Guiding Defendants’ Families On Their Journey Through The Courts (1)

For many defendants' families, court dates are the beginning of a long and difficult journey lasting for months or even years. The backlog of cases waiting to go to court continues to rise, and the remand population has risen to the highest level in 50 years. Families face the challenges of prolonged waiting times, often distressed, isolated, and scared to reach out to their usual support networks due to fear of judgment.

Pact supports people at every stage of the criminal justice system and has developed its Court Service to respond to growing need at the very start of the justice process. Currently active in 12 courts across London, the South East and Wales, including one Youth Court, our mission is to ensure that no one faces these challenges alone.

With funding from National Lottery Wales, Tracey and Charleigh provide a new service at Swansea Crown Court, helped by a small team of dedicated volunteers. Both women have experience supporting a loved one in prison and have previously volunteered for Pact. Tracey explains: “We are here to be a familiar face and build rapport with the families without judgment. We provide a link between the defendant and their family through court proceedings until sentencing. Families are often very anxious, emotional and in a state of crisis. We help by explaining what will happen next and demystifying the language used in court."

"We offer support at the earliest point of the justice journey and help families with the transition to custody when their loved one is sentenced. We have a fantastic relationship with the court staff, which is vital to our work. We couldn't do what we do without it. Last Friday, we supported 41 families through court proceedings, ensuring we spoke to all of them! Our feet didn't touch the ground all day.”

Court can be very isolating and frightening, but Pact has enabled me to navigate it. Thank you so much, I’m so grateful- defendant's family member

During court proceedings, families often feel locked out and unable to access information, such as which prison their loved one has been sent to. They may also feel unable to pass on important information about their loved one’s health, medication, or disabilities. Tracey tells us: "We recently had a case where the prison staff collecting a defendant found him uncooperative and stubborn – he was, in fact, deaf. We identify these issues with the family and work hard to ensure the prison is aware of them. We've created a new system that captures key information to be passed to the prison staff collecting the defendant after sentencing – it's helpful for everyone and reassuring for families.”

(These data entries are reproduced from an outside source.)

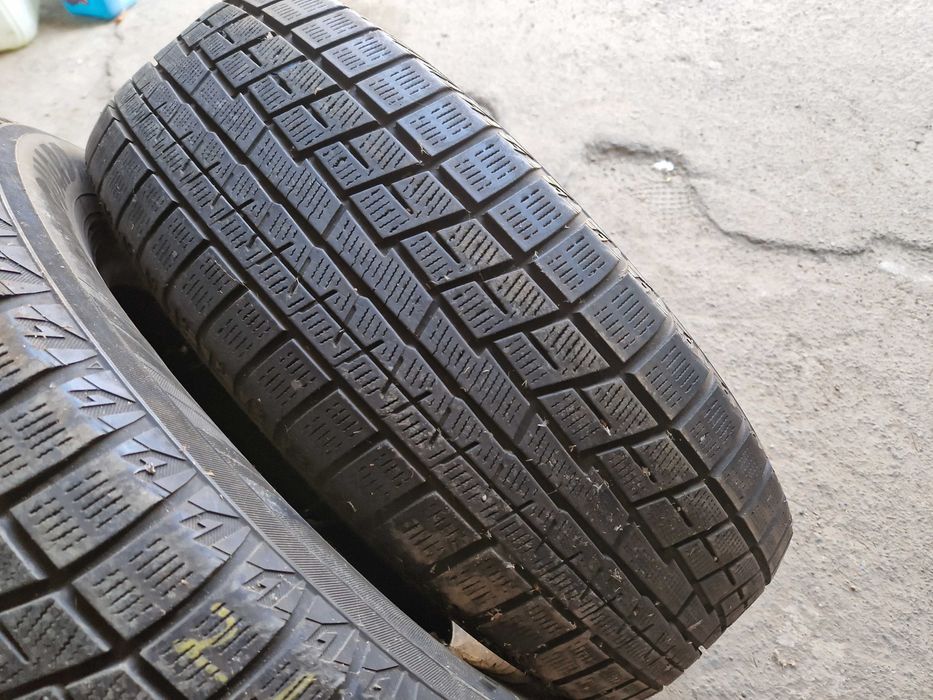 шини зима 215 65 R16 Yokohama Ice Guard IG60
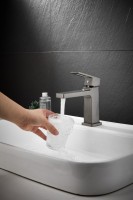 Смеситель для раковины BELZ B658 B10658-3 оружейная сталь Смеситель для раковины BELZ B658 B10658-3 оружейная сталь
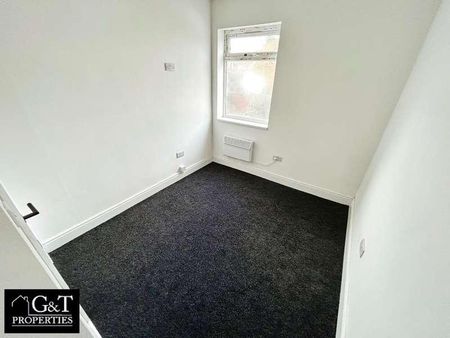 Long Lane, Halesowen, B62 - Photo 2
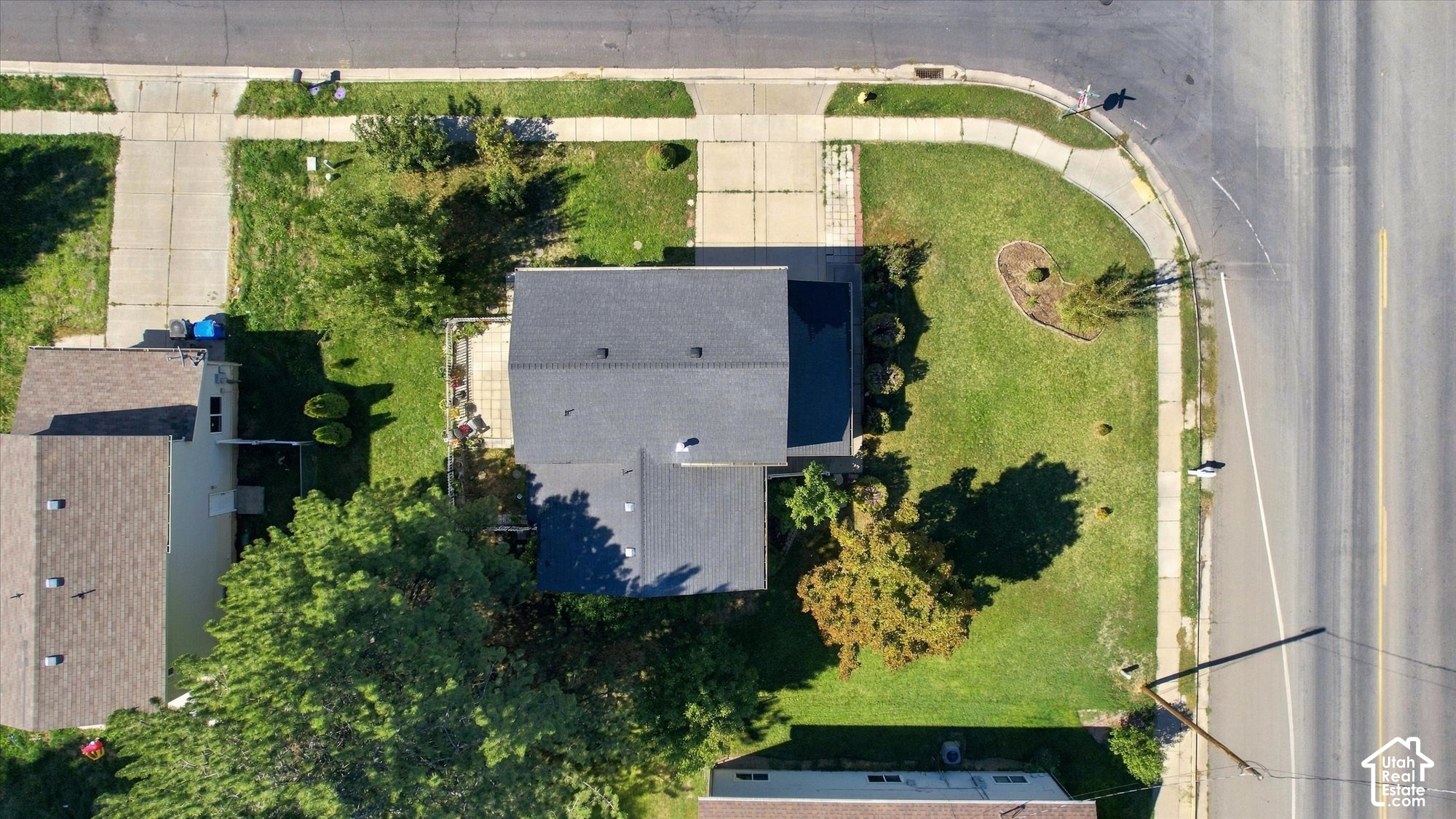 main property photo 35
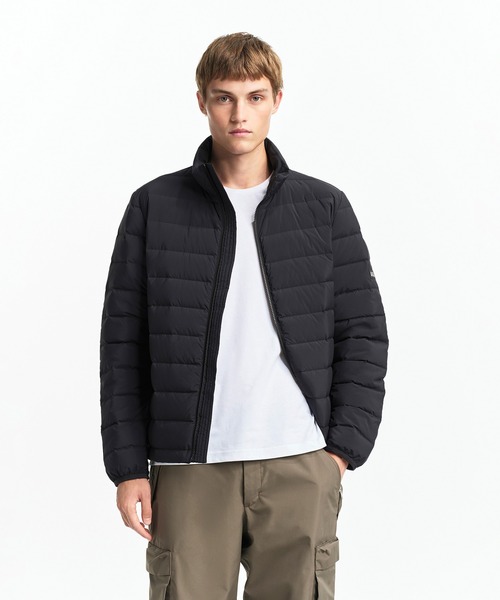AIGLE(エーグル)の「撥水 スタンドネック ダックダウンジャケット T-KIT対応 / パファージャケット(ダウンジャケット/コート・メンズ・レッド/ブラック/ダークネイビー・L/M/S/XS/XL)」の16枚目の写真
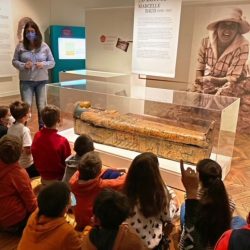 Visite du musée Bargoin de la classe de CM1-CM2 MARS 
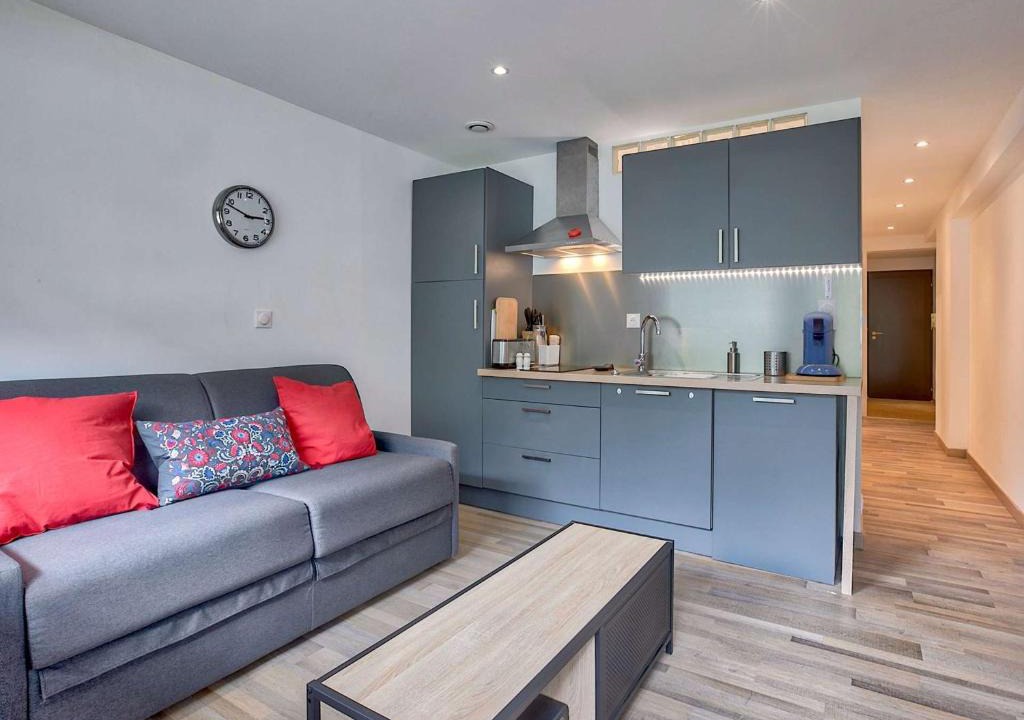 Eaux-Bonnes Apartment | Beau studio cabine 4 pers, accès WiFi, pied de piste ! - FR-1-400-115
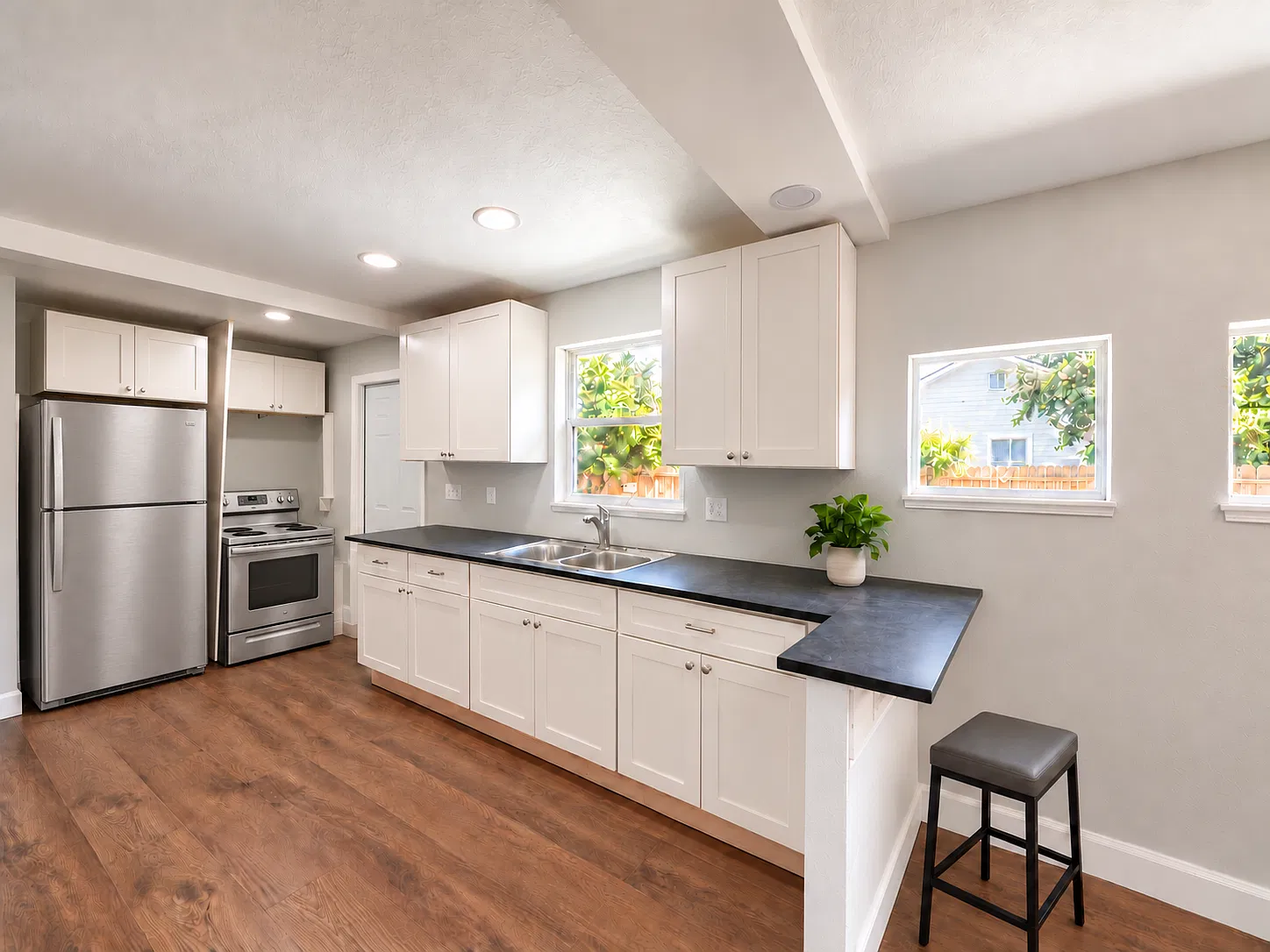 3 bed, 944 sqft, $2,295 — Photo 4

"It's made a real difference having Pact here. Families are definitely better off now, and we would not want to be without them." - Court Manager

"Getting to grips with a loved one going to prison is tough, and there is often confusion about what happens next. We've put together an information pack covering everything you could possibly need to know as a family member visiting someone for the first time: issues such as clothing, medication, what happens on visits, and the paperwork you need to understand. It's a complete guide to the process, and families have benefitted enormously from being involved in developing the pack. Simple improvements like this can make such a massive difference."

"You must be resilient if you work in the courts. You see first-hand the impact of issues such as poverty, trauma and mental ill health on individuals and their families. As I meet people, I learn that everyone has their own story. I fear what would happen if Pact wasn't there for people, and I find it so rewarding knowing we can make a difference. We are so privileged to be doing this work at Swansea. At the end of the day, empathy and compassion are the driving force for what we do."